Sitting on a sagging milk crate at Sixth Avenue and 8th Street, Mitchell Duneier doesn’t quite fit in with the homeless used-magazine vendors on either side of him. If his horn-rimmed glasses and purple button-down shirt don’t mark him clearly enough as an outsider among these street-corner entrepreneurs, Duneier’s academic credentials seal the deal. “I went for two and a half years to Northwestern,” he says. “Never got a bachelor’s degree, and then I moved on to the University of Chicago to get my Ph.D… .”
Further highlights of the 38-year-old’s CV include law school at NYU; a first book, Slim’s Table, optioned by Spike Lee; and simultaneous tenure in the sociology departments at the University of Wisconsin and U.C. Santa Barbara. But before Duneier can elaborate, a gray-haired pedestrian in a denim jacket interrupts. “How much are the Goldmines?”
To research his new book, Sidewalk, Duneier spent much of the past three years on this corner selling magazines picked from the trash. Today he’s just back to visit – distributing copies of the book to the street people he depicts in it – but he’s been pressed into temporary service while the table’s two proprietors run errands.
“Mitch’s book is going to open people’s eyes to the fact that we’re working hard out here,” says Ishmael Walker, whose difficulties with the police make for some of the book’s most poignant material. “I hope it does well.” With good reason: Duneier is sharing his royalties with its 21 main characters.

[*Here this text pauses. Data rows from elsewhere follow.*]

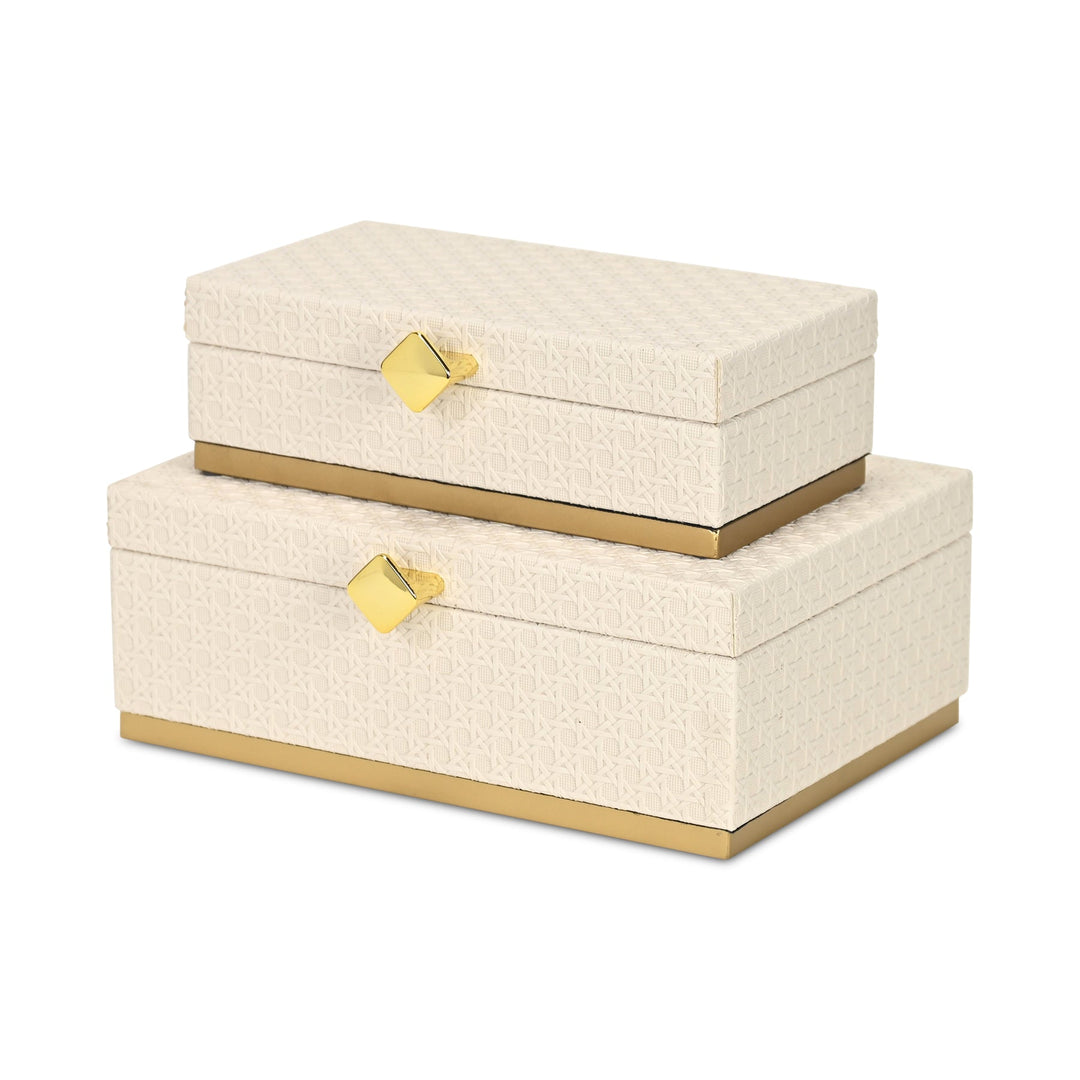 Rectangular Vinyl Rattan White and Gold Boxes, 2 Sizes Available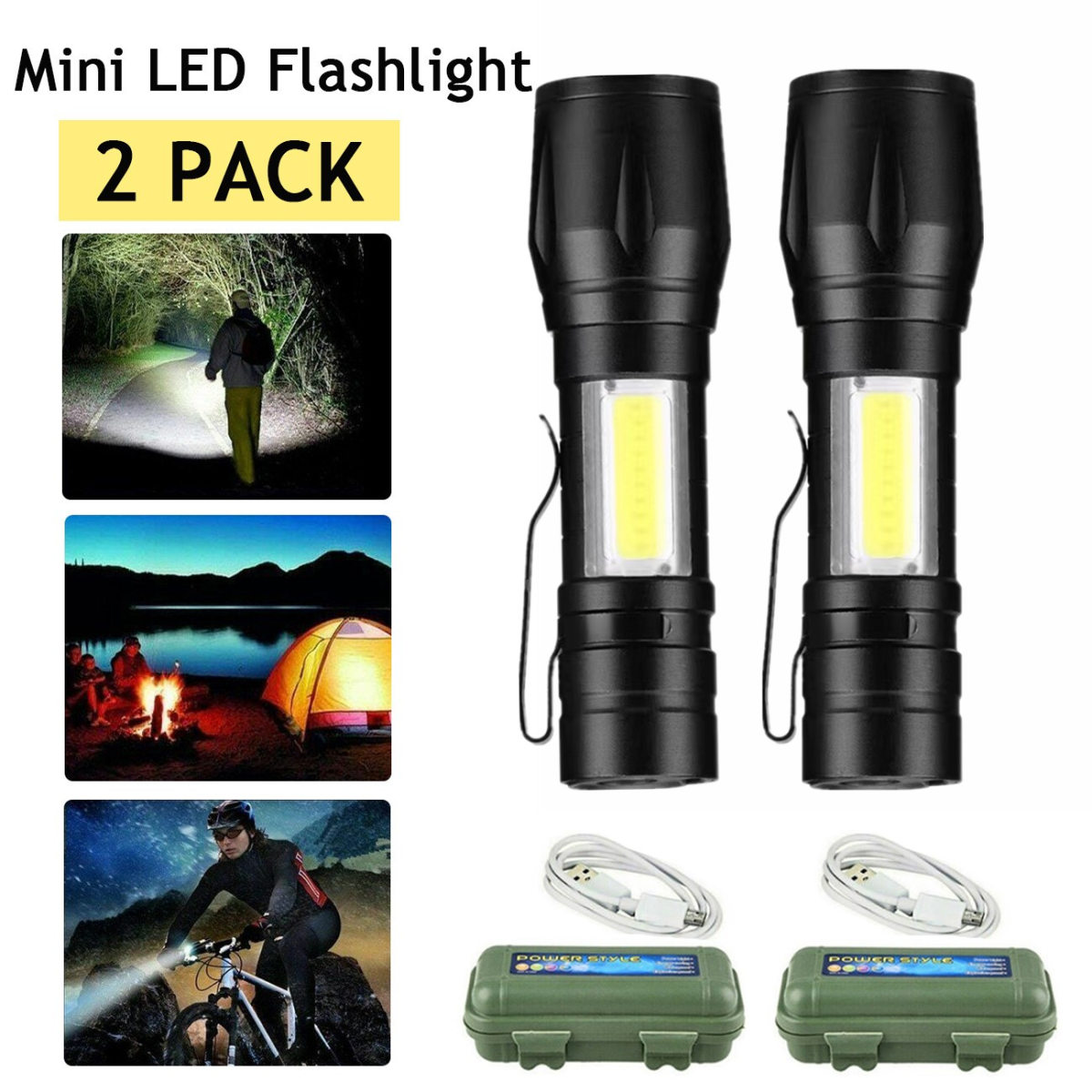 2 Pack USB Rechargeable LED Flashlights with Zoom & 3 Modes – Pocket Torch for Camping & Car Repair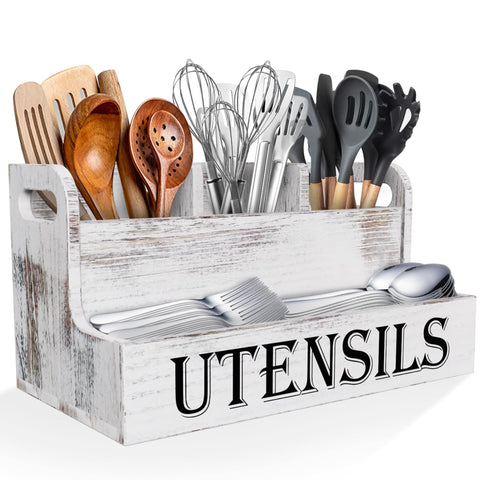 Suli front view of utensils holder showing organized tools and visible benefits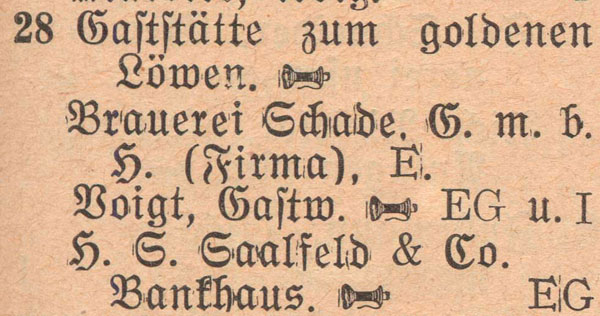 Adressbuch 1930, Zerbster Straße 28 / Gasthof »Zum Goldenen Löwen«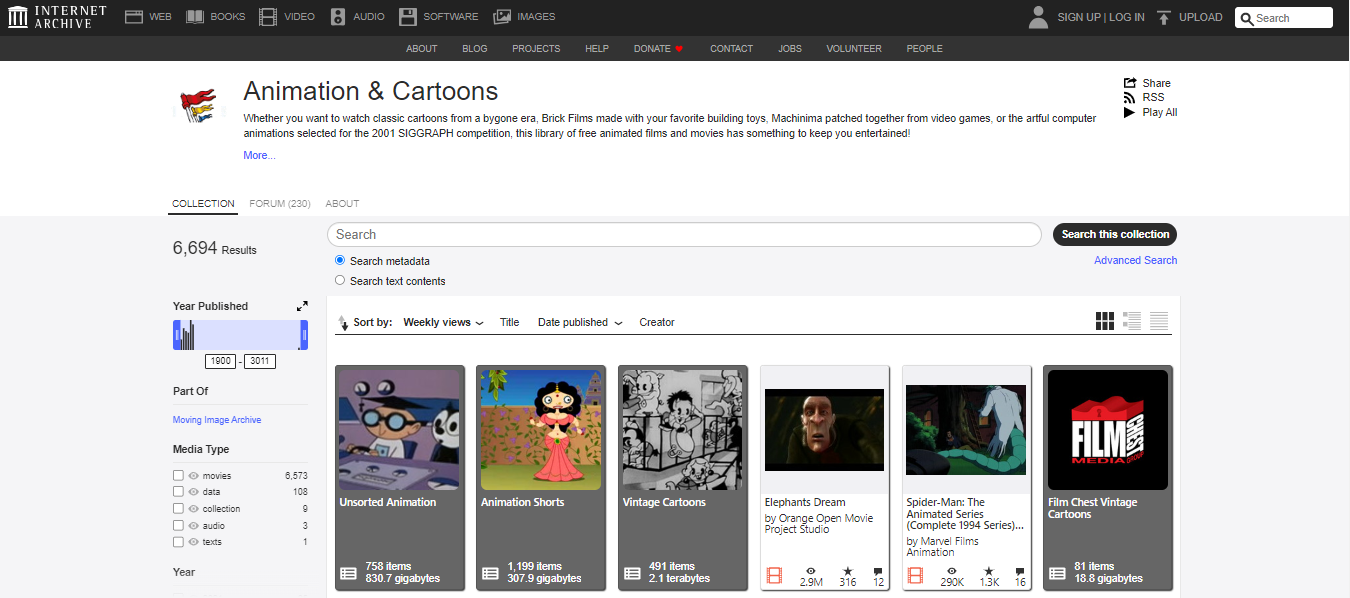 free cartoon video download website Internet Archive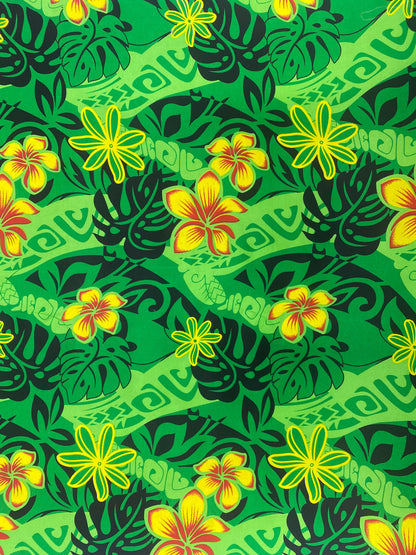 Roll, Bolt - Polynesian Elegance: 36" Polyester Fabric with Poly Cotton Feel– Tropical and Floral Fusion- Made In Thailand - Wholesale Price | Gtex Fabrics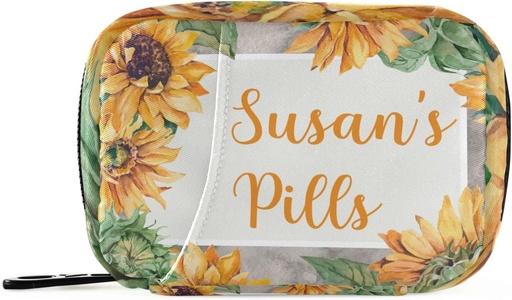 [BRSRMZINOQGREFA7] Custom Pill Box 7 Day Pill Case Bag Sunflower Nom personnalisé Travel Pill Organizer Bag with Zipper Portable Weekly Case Compact Size for Vitamin Supplement Holder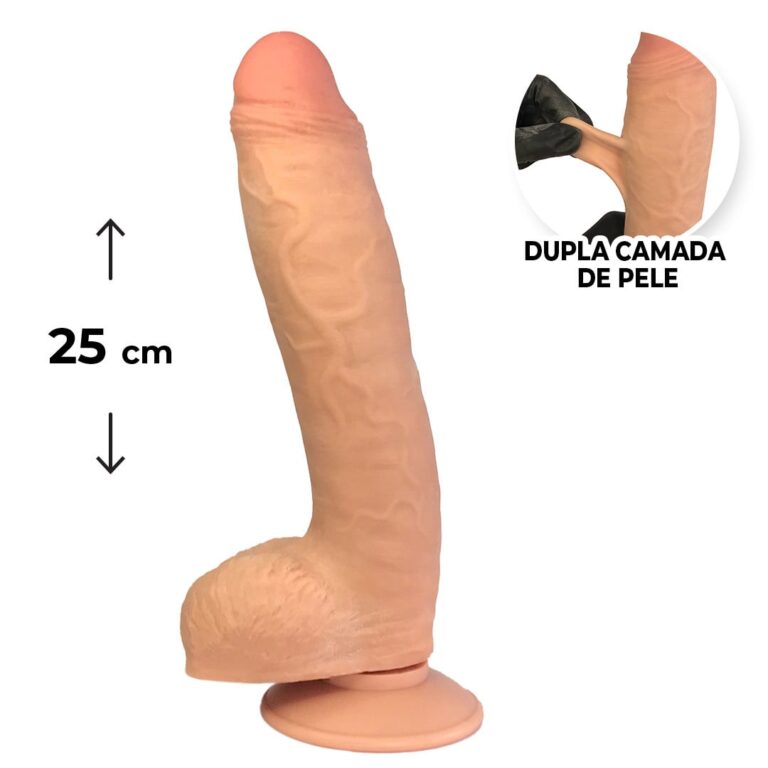 Pênis Realista Grande 25cm x 5,5cm Dupla Camada (Pele que estica) Com vértebra Bege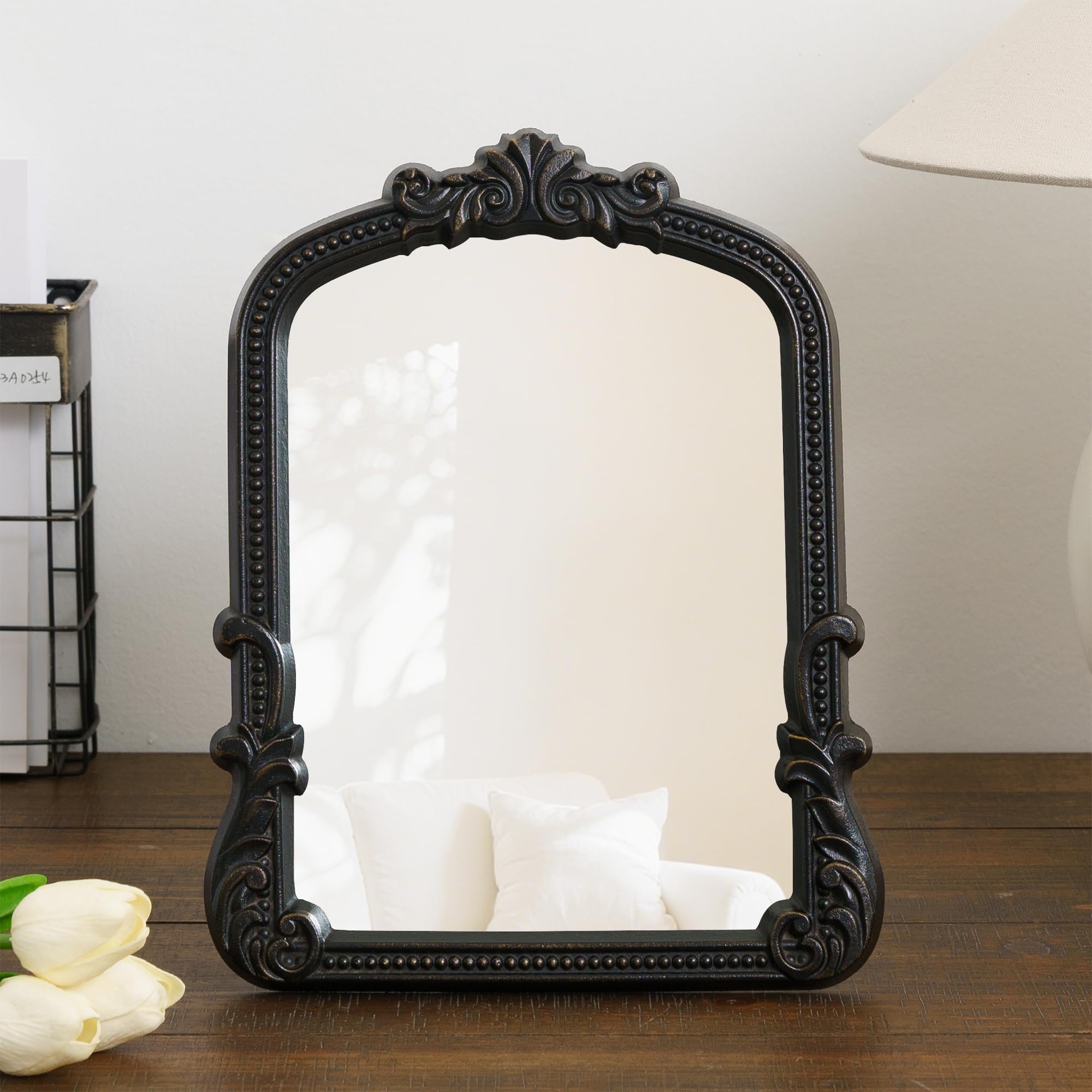 Meolyx Vintage Small Black Vanity Makeup Mirror Antique Arched Baroque Tabletop Mirror Resin Frame Desktop Standing Mirror for L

Last year, the professor brought three of his subjects to Santa Barbara as guest speakers in his class “The Life of the Street and the Life of the Mind in Black America.” “I didn’t go to high school or college,” says Alice Morin, who sells used books across Sixth Avenue from Walker’s table. “And now I’ve – what do you call it? – lectured.” Nor was Morin, who spent two weeks at Santa Barbara, altogether impressed with what she saw in the classroom. “I said to Mitch, ‘I don’t know how you deal with these kids.’ They were eating chips and talking while he was teaching!”
By contrast, the West Village reading public – housed and homeless alike – is far more polite. “Excuse me, are you the author of Sidewalk?” asks a disheveled young woman, flashing Duneier a gap-toothed smile. “I’ve been reading it.”
“Hey, I saw your picture in Sidewalk!” calls out a dog walker to Mudrick Hayes, a prominent figure in the book, as he straightens a pile of Wired back issues. “Can I get an autograph?”